------ Data excerpts ------
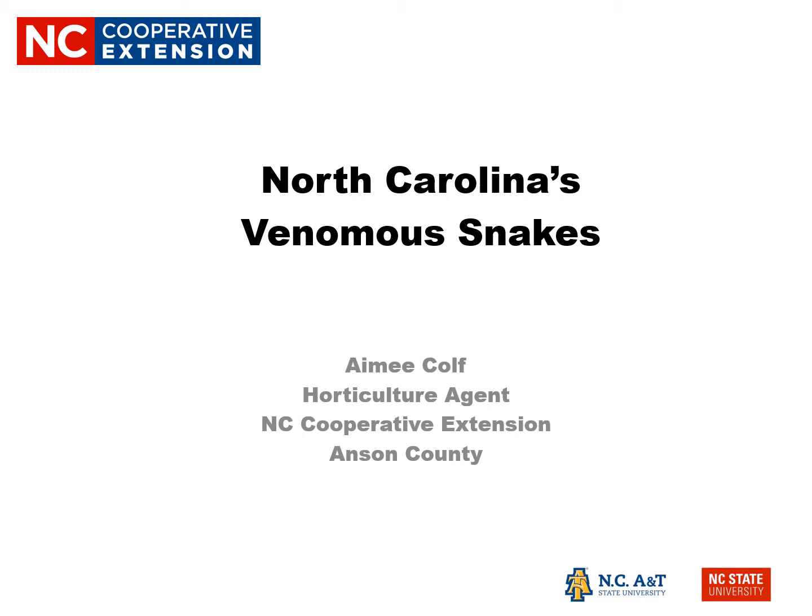Hello and welcome everyone. My name is Amy Kolf. I'm the Horticulture and Forestry Agent with North Carolina Cooperative Extension in Anson County. You want to learn about North Carolina's venomous snakes? Great, let's get to it.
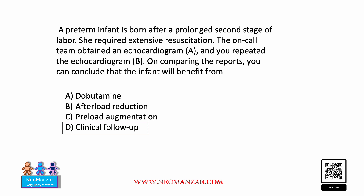The answer is clinical follow-up, because as you can see, the ejection fraction and fractional shortening are improving. This baby was depressed at birth, and after giving some time, the baby recouped. So observation is important — we don't have to do much here because things are improving.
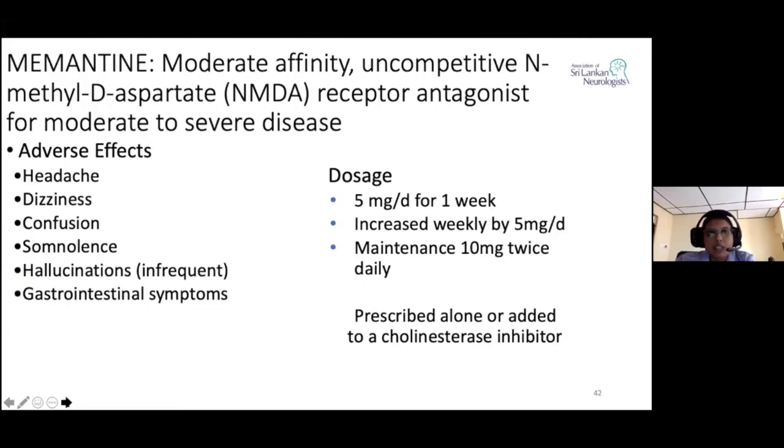The next commonly used drug is memantine, which has moderate affinity and is an uncompetitive NMDA receptor antagonist. It has been approved by the FDA for moderate to severe disease. Adverse effects include headache, dizziness, confusion, somnolence, hallucinations, and gastrointestinal symptoms. The dosage starts at 5 mg per day, increased weekly by 5 mg up to a maintenance dose of 10 mg twice daily. It can be prescribed alone or added on to a cholinesterase inhibitor, and is slightly preferred because of the better side effect profile.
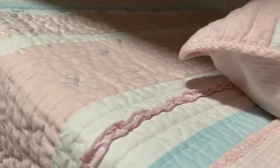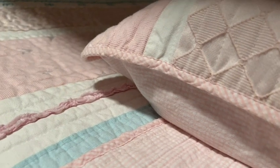It's double-sided, so if you decide to change the look of your room for a little bit, you can easily just by flipping it over. Ruffles on one side, just the plain pink stripes on the other.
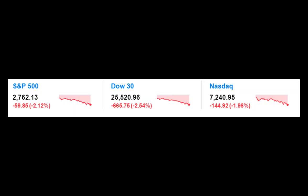Hey gang, Dave Littlejohn here after what has been a pretty rough day in the markets. As you can see, S&P down almost 60 points, Dow over 600 points, NASDAQ down almost 150 points. So it was ugly.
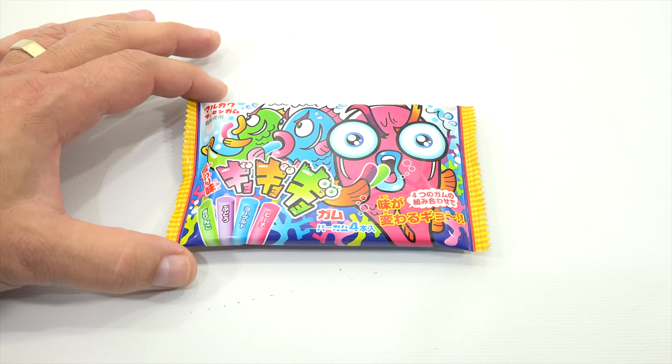This is what I believe to be a Japanese candy — now it could be gum, I'm not sure. You've got these strange fish creatures here, each eating a different color, and there's a reason for that because you have this green, purple, blue, and red color candy.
------
Work instructions :: Here the job is to retype exactly the lines that start at the one containing "The next commonly" and run through the end of the records above, leaving out pictures.

Answer for this exercise ::
The next commonly used drug is memantine, which has moderate affinity and is an uncompetitive NMDA receptor antagonist. It has been approved by the FDA for moderate to severe disease. Adverse effects include headache, dizziness, confusion, somnolence, hallucinations, and gastrointestinal symptoms. The dosage starts at 5 mg per day, increased weekly by 5 mg up to a maintenance dose of 10 mg twice daily. It can be prescribed alone or added on to a cholinesterase inhibitor, and is slightly preferred because of the better side effect profile.
It's double-sided, so if you decide to change the look of your room for a little bit, you can easily just by flipping it over. Ruffles on one side, just the plain pink stripes on the other.
Hey gang, Dave Littlejohn here after what has been a pretty rough day in the markets. As you can see, S&P down almost 60 points, Dow over 600 points, NASDAQ down almost 150 points. So it was ugly.
This is what I believe to be a Japanese candy — now it could be gum, I'm not sure. You've got these strange fish creatures here, each eating a different color, and there's a reason for that because you have this green, purple, blue, and red color candy.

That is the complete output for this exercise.